M&I Total - 525k tonnes at 2.25% copper (12k tonnes of contained copper)*



Gold Zone (1806 Zone)

The 1806 zone is a high-grade gold zone grading over 4 g/t that lies within 50 metres of the existing ramp. Early production from the 1806 Gold Zone allowed the Company to generate its first revenues while finalizing the construction of its copper floatation circuit. The five-month period from November 2011 to May 2012 produced 14,918 ounces of gold.

The Zone has potential for future exploration and expansion and will be targeted during the Company's next diamond drilling campaign.

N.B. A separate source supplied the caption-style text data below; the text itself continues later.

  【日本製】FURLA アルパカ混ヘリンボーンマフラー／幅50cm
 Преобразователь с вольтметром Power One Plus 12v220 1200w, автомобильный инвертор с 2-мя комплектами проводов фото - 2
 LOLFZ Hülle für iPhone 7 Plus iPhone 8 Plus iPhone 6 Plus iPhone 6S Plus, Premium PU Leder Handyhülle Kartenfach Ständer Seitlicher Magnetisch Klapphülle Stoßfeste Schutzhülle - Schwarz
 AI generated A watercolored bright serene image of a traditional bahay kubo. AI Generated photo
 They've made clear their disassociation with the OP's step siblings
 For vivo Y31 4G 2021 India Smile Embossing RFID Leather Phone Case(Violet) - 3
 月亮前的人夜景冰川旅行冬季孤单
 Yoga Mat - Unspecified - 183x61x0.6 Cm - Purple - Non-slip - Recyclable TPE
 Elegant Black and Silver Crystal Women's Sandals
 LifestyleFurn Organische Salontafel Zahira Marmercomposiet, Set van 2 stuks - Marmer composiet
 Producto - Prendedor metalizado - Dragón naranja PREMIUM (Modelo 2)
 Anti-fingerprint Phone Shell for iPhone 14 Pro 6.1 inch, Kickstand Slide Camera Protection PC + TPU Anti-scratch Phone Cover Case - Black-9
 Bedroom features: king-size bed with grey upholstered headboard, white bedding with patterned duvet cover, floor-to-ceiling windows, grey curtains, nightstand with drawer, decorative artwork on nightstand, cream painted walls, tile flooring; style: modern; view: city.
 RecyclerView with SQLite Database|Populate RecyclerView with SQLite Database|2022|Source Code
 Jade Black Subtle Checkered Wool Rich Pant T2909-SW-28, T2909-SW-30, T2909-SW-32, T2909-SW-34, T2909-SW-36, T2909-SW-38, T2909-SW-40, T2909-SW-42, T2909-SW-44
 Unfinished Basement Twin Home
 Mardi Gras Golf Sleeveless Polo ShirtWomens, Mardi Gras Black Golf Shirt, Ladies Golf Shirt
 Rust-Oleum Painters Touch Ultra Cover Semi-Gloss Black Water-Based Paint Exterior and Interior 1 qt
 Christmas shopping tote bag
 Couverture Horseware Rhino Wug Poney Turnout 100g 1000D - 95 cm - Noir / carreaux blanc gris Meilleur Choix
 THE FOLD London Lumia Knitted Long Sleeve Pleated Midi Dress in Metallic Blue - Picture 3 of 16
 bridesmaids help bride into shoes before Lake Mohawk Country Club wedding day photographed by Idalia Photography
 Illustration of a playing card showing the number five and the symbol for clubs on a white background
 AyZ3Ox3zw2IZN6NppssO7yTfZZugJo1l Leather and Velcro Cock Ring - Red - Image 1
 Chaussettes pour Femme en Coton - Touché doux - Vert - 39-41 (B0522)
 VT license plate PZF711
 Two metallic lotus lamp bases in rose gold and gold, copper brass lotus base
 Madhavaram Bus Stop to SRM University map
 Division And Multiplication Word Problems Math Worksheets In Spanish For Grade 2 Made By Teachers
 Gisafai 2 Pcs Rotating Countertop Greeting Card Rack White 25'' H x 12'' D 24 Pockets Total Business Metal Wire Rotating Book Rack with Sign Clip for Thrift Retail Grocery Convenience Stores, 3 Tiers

1806 Zone Mineral Resource Estimate

Measured Mineral Resource Estimate - 185k tonnes at 0.40 % copper (0.7k tonnes of contained copper)*

Indicated Mineral Resource Estimate - 65k tonnes at 0.71 % copper (0.5k tonnes of contained copper)*

M&I Total - 250k tonnes at 0.48% copper (1k tonnes of contained copper)*



Ming Copper-Gold Mine Mineral Resource Estimate

A full breakdown of the mineral resource estimate, by zone, for the entire Ming Mine can be found here.

Ming Mine Exploration

The footprint of the Ming Mine is dotted with historic past producing mines (East Mine, Ming West etc). The district historically has been underexplored with limited exploration. The focus of Rambler’s drilling efforts since commercial production in 2012, has been to support the mining operations with infill and definition drilling.

Moving forward, Rambler’s 3 phased approach will fully explore all potential mineralisation throughout the footprint of the Ming Mine and surrounding land holdings. 

First, diamond drilling will continue to test the lower depths of each zone within the Ming Mine. This deeper drilling has been successful to date in growing the mineral resource and is expected to continue to provide significant upside as current drilling has shown wider intersections through the ore zones with improved grades. Independent assessment shows significant mineral resources at depth and Rambler will work to infill these targets into a measured or indicated mineral resource. Exploration, infill and expansion drilling of each target will allow the Company to maximise the copper tonnes per vertical meter as production advances throughout the mine.

In combination with exploring at depth, new drill programs will aim to further evaluate historic intersections reported throughout the mine. We anticipate these historic intersections will provide Rambler with future high-grade opportunities within reach of existing infrastructure. The Ming Mine has a strong historic data set and this information will be used to drive this second phase of exploration.

Finally, in the coming years Rambler will take full advantage of the exploration potential of the region with a dedicated budget and allocation of resources to explore the district’s potential.  This final approach will look outward from the Ming Mine’s footprint. Within a five-kilometer radius there are three past producing mines (East Mine, Main Mine, Big Rambler Pond) which have seen limited deep exploration. Like the Ming Mine the historic records of the deposits show the potential of improving grades at depth.